▶ **Problem statement**
Retype, exactly as written, every line from the one containing "Delegation of European, Uktrainian" through the last line of the records below, both included; skip the pictures.

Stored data
*** Begin section ***

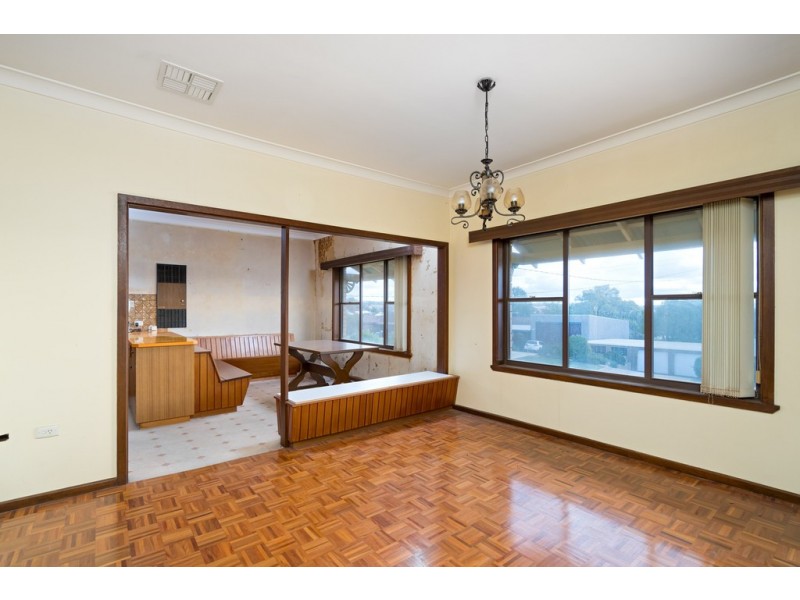 11 Missouri Avenue, Tolland NSW 2650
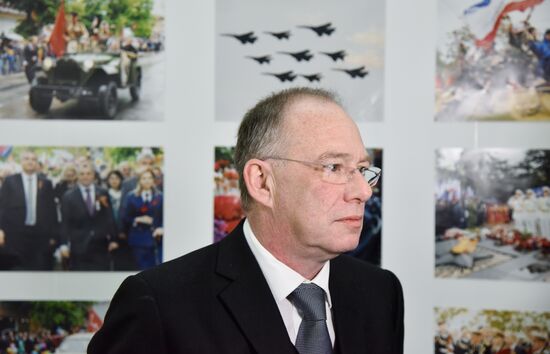 Delegation of European, Uktrainian politicians arrive in Crimea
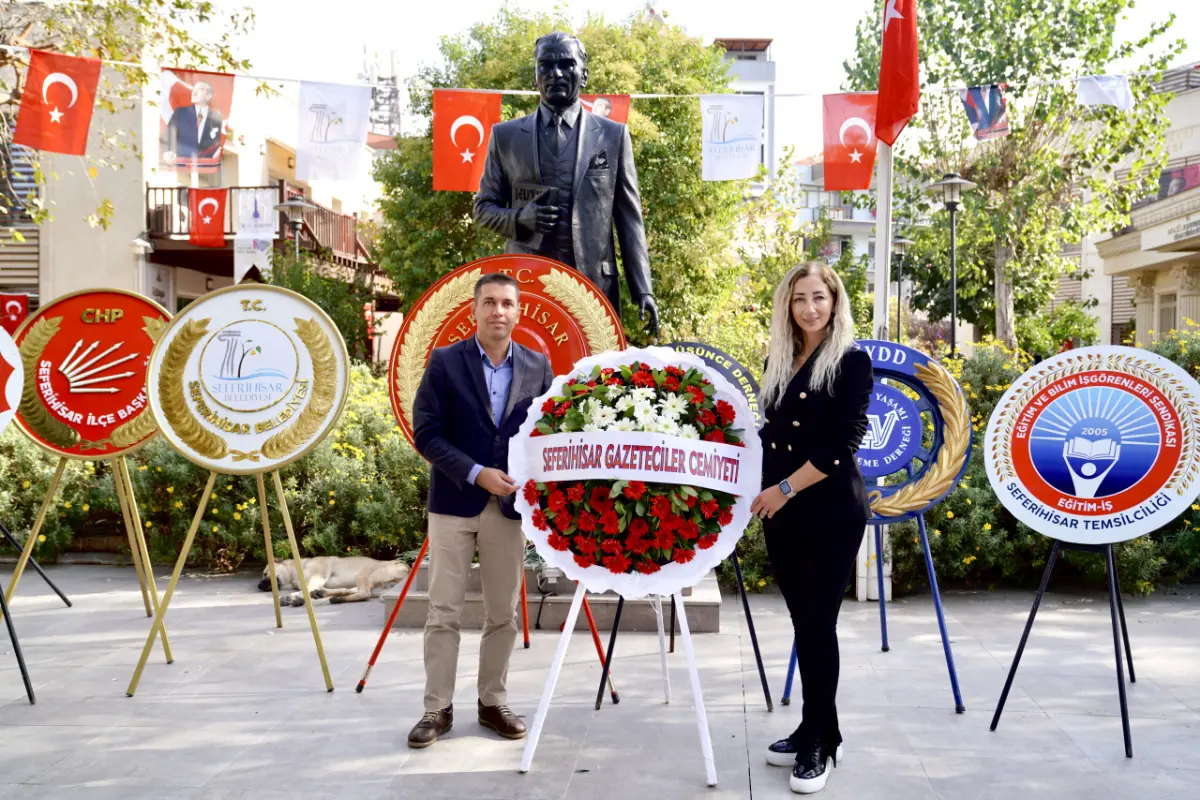 Seferihisar Gazeteciler Cemiyeti, 10 Kasım çelengini sundu
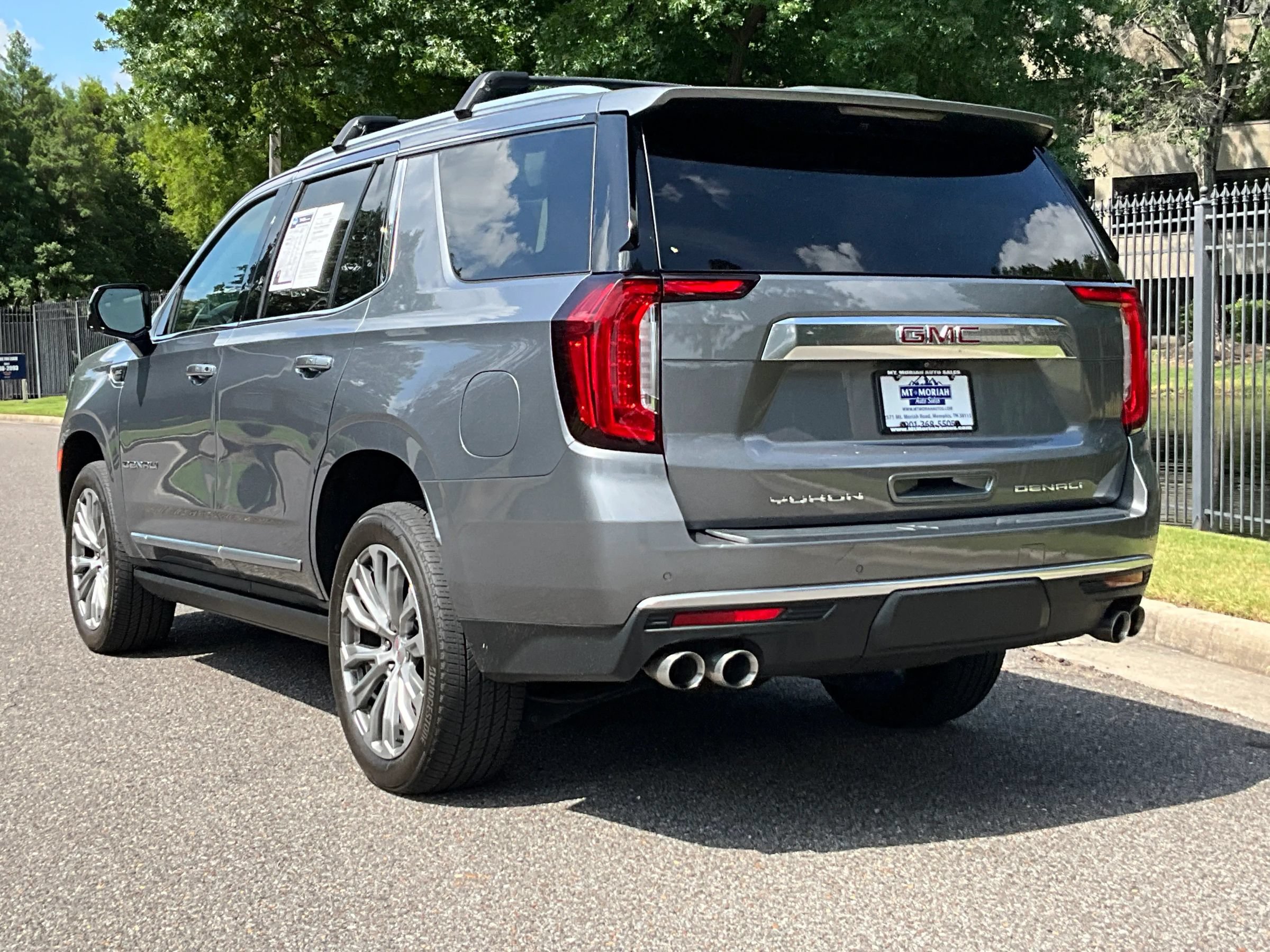 Used 2021 GMC Yukon Denali w/ Denali Premium Package AWD/4WD image 7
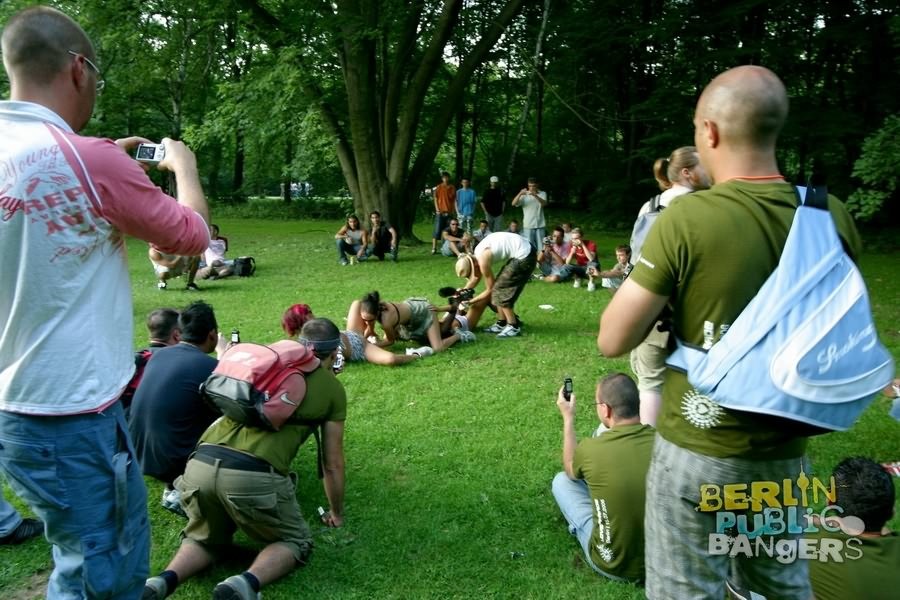 Salopes amateurs allemandes coquines faisant un show lesbien en plein air en public
 #76768635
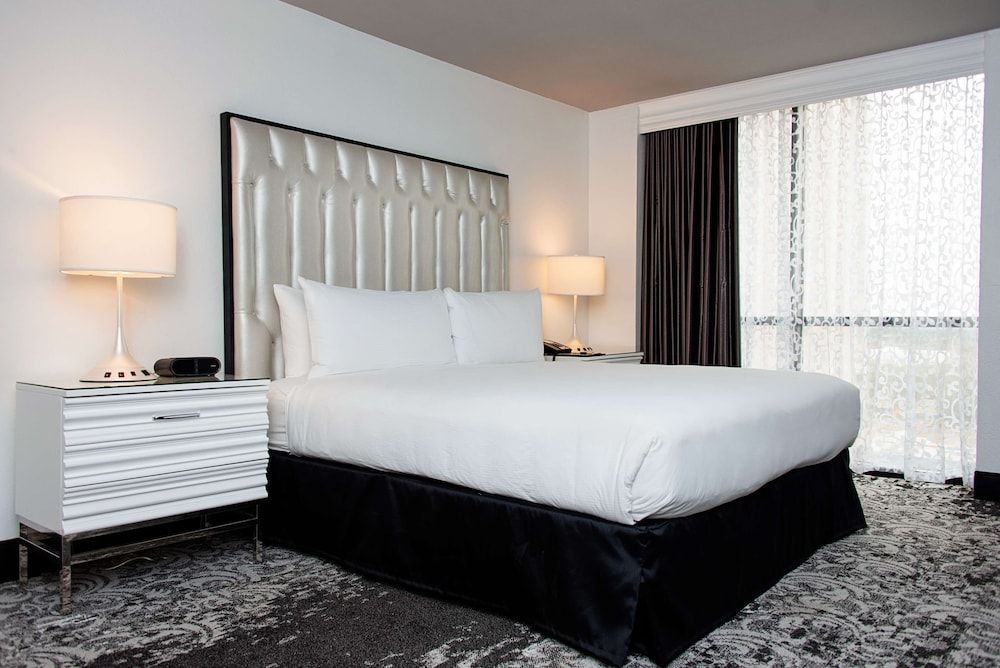 Junior Suite, 1 King Bed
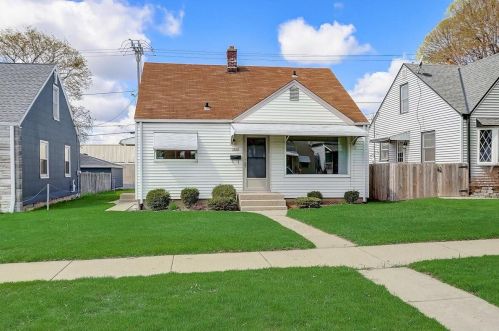 3565 20th St, Milwaukee, WI 53221-1516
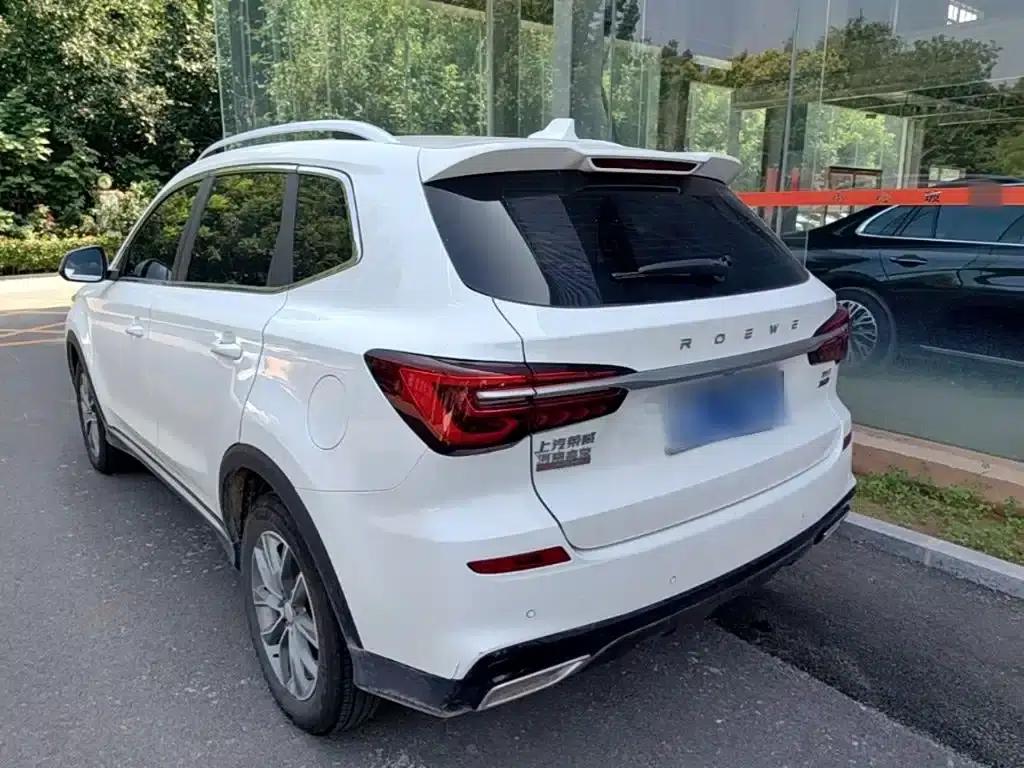 Roewe RX5 2023 PLUS 330TGI Automatic Trendsetting Smart Edition — миниатюра 5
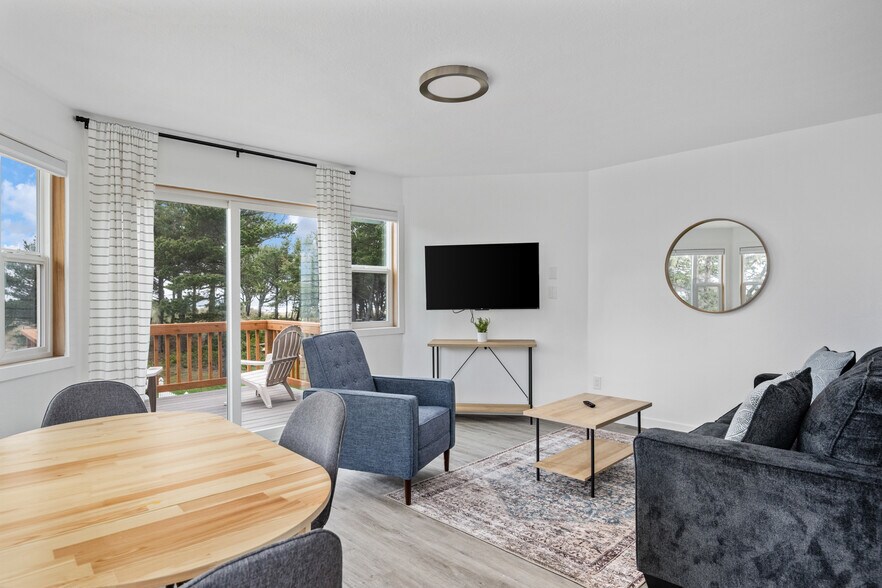 More Photos Of Ocean Rogue Inn, Rockaway Beach Hospitality For Sale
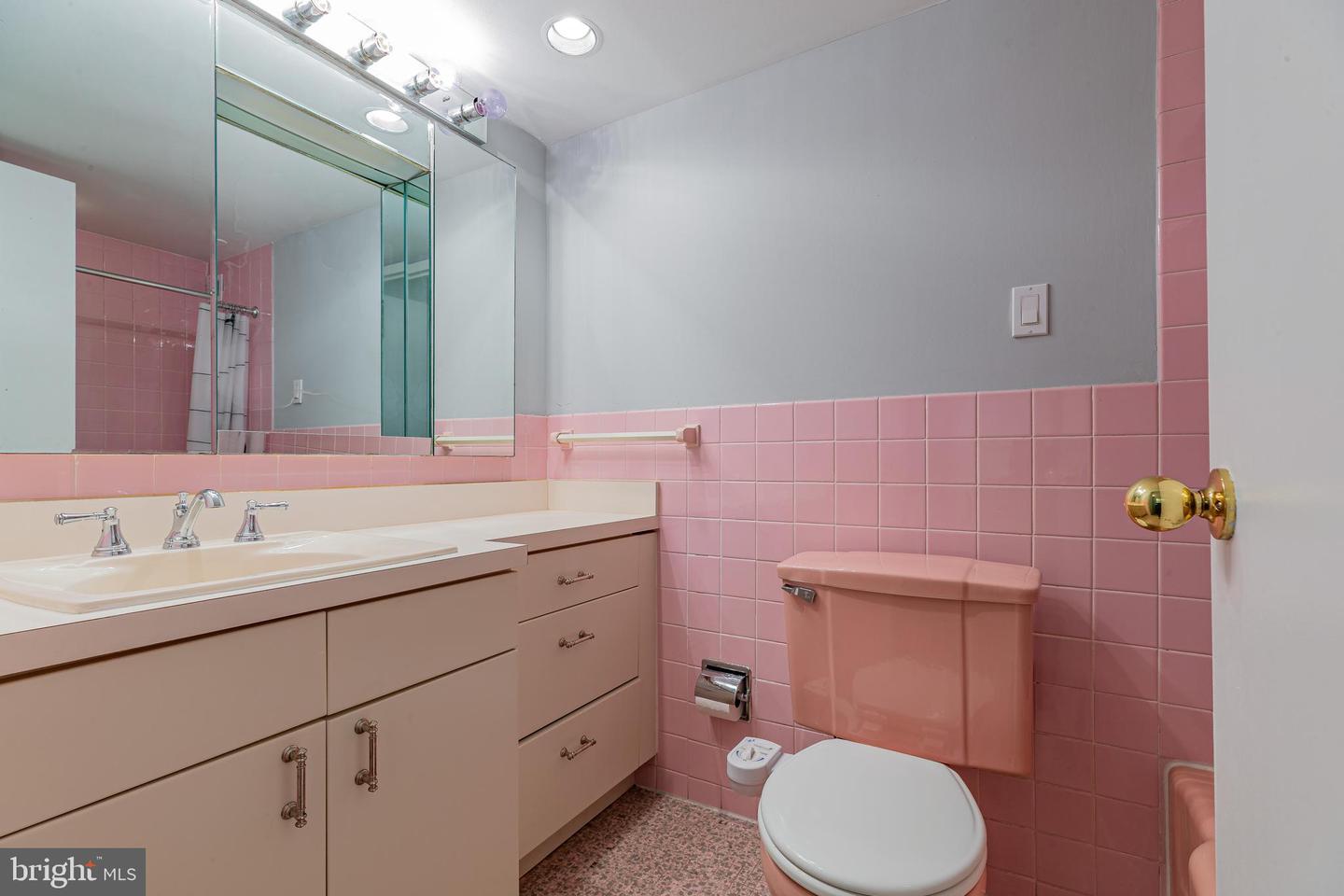 2401 PENNSYLVANIA AVENUE Unit: 4B24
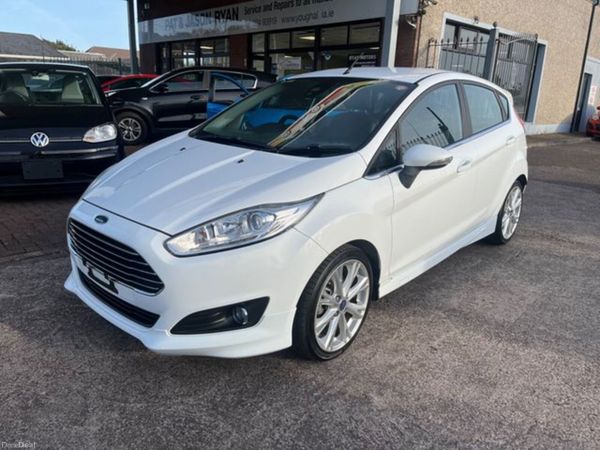 Ford Fiesta Hatchback, Petrol, 2015, White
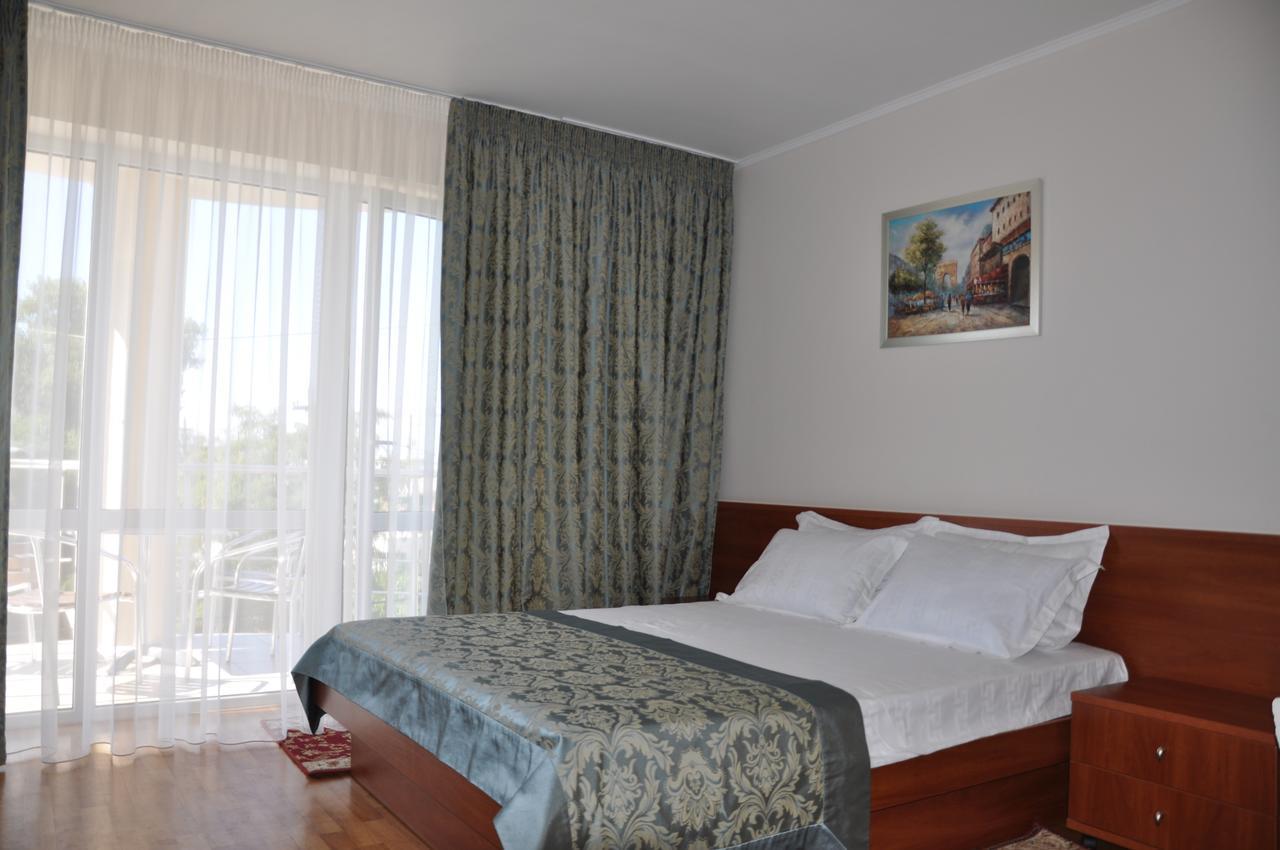 Hotel Pharaon De Lux Zatoka Exteriér fotografie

*** End section ***

▶ **Output below**
 Delegation of European, Uktrainian politicians arrive in Crimea
 Seferihisar Gazeteciler Cemiyeti, 10 Kasım çelengini sundu
 Used 2021 GMC Yukon Denali w/ Denali Premium Package AWD/4WD image 7
 Salopes amateurs allemandes coquines faisant un show lesbien en plein air en public
 #76768635
 Junior Suite, 1 King Bed
 3565 20th St, Milwaukee, WI 53221-1516
 Roewe RX5 2023 PLUS 330TGI Automatic Trendsetting Smart Edition — миниатюра 5
 More Photos Of Ocean Rogue Inn, Rockaway Beach Hospitality For Sale
 2401 PENNSYLVANIA AVENUE Unit: 4B24
 Ford Fiesta Hatchback, Petrol, 2015, White
 Hotel Pharaon De Lux Zatoka Exteriér fotografie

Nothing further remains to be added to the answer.